→ **ACTIVITY**
Within the records that follow, restate exactly the lines from the line with "2 Ewe Lambs" down to the line with "Wine tourism in", including both. Omit the pictures.

→ **PROVIDED ENTRIES**
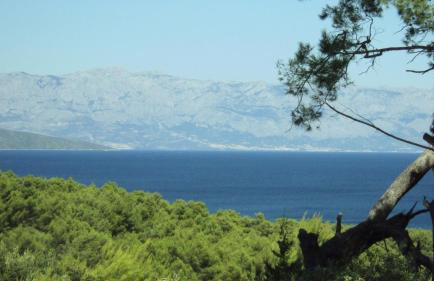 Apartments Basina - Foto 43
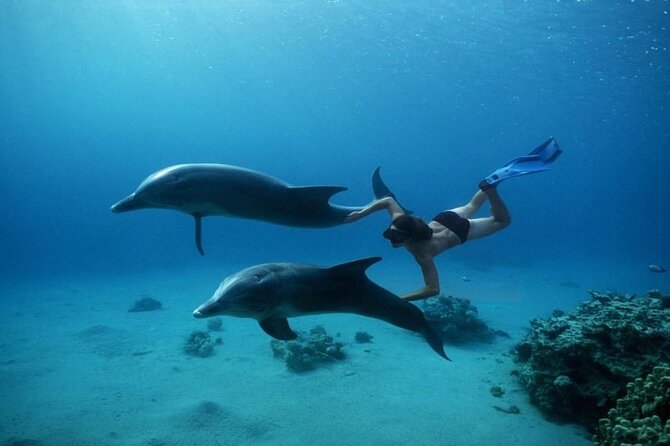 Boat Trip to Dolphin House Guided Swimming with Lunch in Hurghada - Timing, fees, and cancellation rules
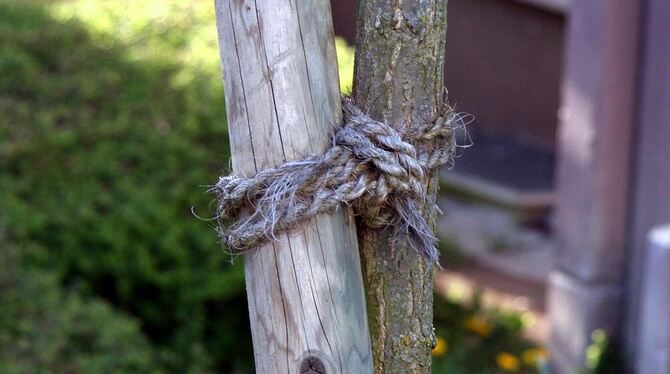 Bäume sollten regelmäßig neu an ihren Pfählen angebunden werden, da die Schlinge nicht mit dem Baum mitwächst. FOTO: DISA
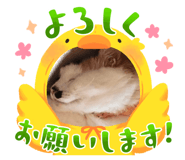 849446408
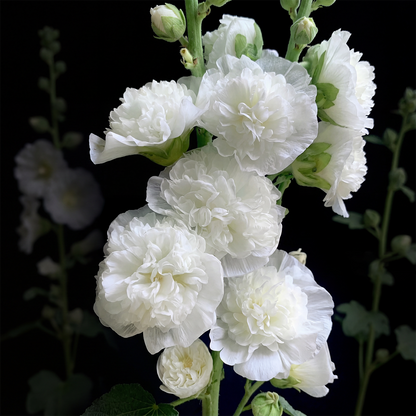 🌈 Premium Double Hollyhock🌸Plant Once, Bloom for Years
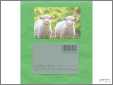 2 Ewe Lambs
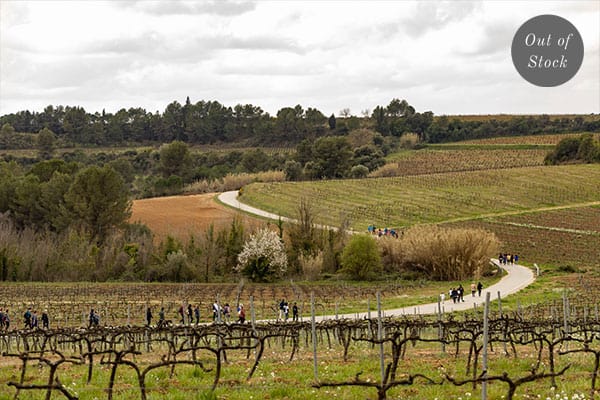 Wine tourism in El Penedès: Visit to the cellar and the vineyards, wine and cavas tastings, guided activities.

---

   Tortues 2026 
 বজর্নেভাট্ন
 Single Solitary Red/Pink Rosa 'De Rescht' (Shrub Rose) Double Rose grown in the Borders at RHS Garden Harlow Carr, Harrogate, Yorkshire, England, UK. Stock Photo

→ **SOLUTION TO THE PROBLEM**
 2 Ewe Lambs
 Wine tourism in El Penedès: Visit to the cellar and the vineyards, wine and cavas tastings, guided activities.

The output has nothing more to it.